Researchers at the FAMU-FSU College of Engineering are launching a new study, funded by a $500,000 grant from the National Science Foundation, to examine how Helicobacter pylori (H. pylori) bacteria move through the human stomach. These corkscrew-shaped microorganisms are present in more than 13% of Americans and can lead to ulcers and even cancer.
The project aims to uncover how H. pylori navigates the thick mucus lining of the stomach, which could inform new strategies for blocking these bacteria and preventing related diseases. “H. pylori is the only bacteria that survives in the acidic environment of the stomach,” said Hadi Mohammadigoushki, associate professor in the Department of Chemical and Biomedical Engineering at FAMU-FSU College of Engineering. “They are able to penetrate the protective gastric mucus layer because of the way they swim.”
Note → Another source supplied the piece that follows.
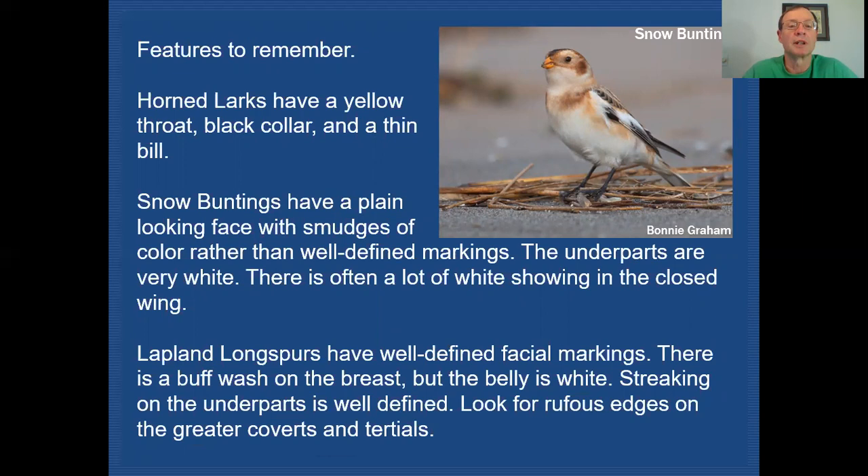As a review: horned larks have a yellow throat, black collar, and a thinner build than snow bunting or any of the longspurs. Snow buntings have a plain-looking face with smudges rather than well-defined markings, very white underparts with no streaking, and quite often show a lot of white in the closed wing — particularly the males. Lapland Longspurs have well-defined facial markings with a darker area surrounding the ear coverts. They have a buff wash on the breast while the belly is all white, with very well-defined thick streaking confined to the upper breast and flanks. Also look at the wings for that rufous edging on the greater coverts and tertials.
By understanding this movement, researchers hope to find alternative therapies for infections that may be more effective than current antibiotic treatments. Mohammadigoushki said, “By unlocking the mysteries of how these bacteria maneuver, we can open the door to alternative therapies that might be more effective.”
The research team is developing a miniature robot designed to mimic H. pylori’s motion within an environment similar to a human stomach. This will allow them to identify two key thresholds: the torque needed for rotation and the force required for propulsion through viscous fluids. “It’s akin to driving a screw into a wall,” Mohammadigoushki explained. “A gentle nudge won’t do the trick, but the right amount of force can make all the difference.”
Building on previous work published in Physical Review Letters that involved creating a 3D model of H. pylori, this new phase will incorporate advanced simulations alongside experimental tests. The team will use techniques such as prism flow analysis—dividing fluid flow into small sections—to gain detailed insights into fluid mechanics relevant to both biological and mechanical systems.
The broader implications extend beyond understanding H. pylori itself; findings could help develop micro-robots for targeted drug delivery or inform exploration technologies for natural resources.
“We want to develop innovative engineering designs that can benefit a large range of applications in both mechanical and biological fields, and studying the movement of these bacteria will help us accomplish that goal,” said Kourosh Shoele, associate professor in the Department of Mechanical and Aerospace Engineering.
The initiative also supports workforce development by establishing a collaborative research and education program in fluid dynamics at FAMU-FSU College of Engineering.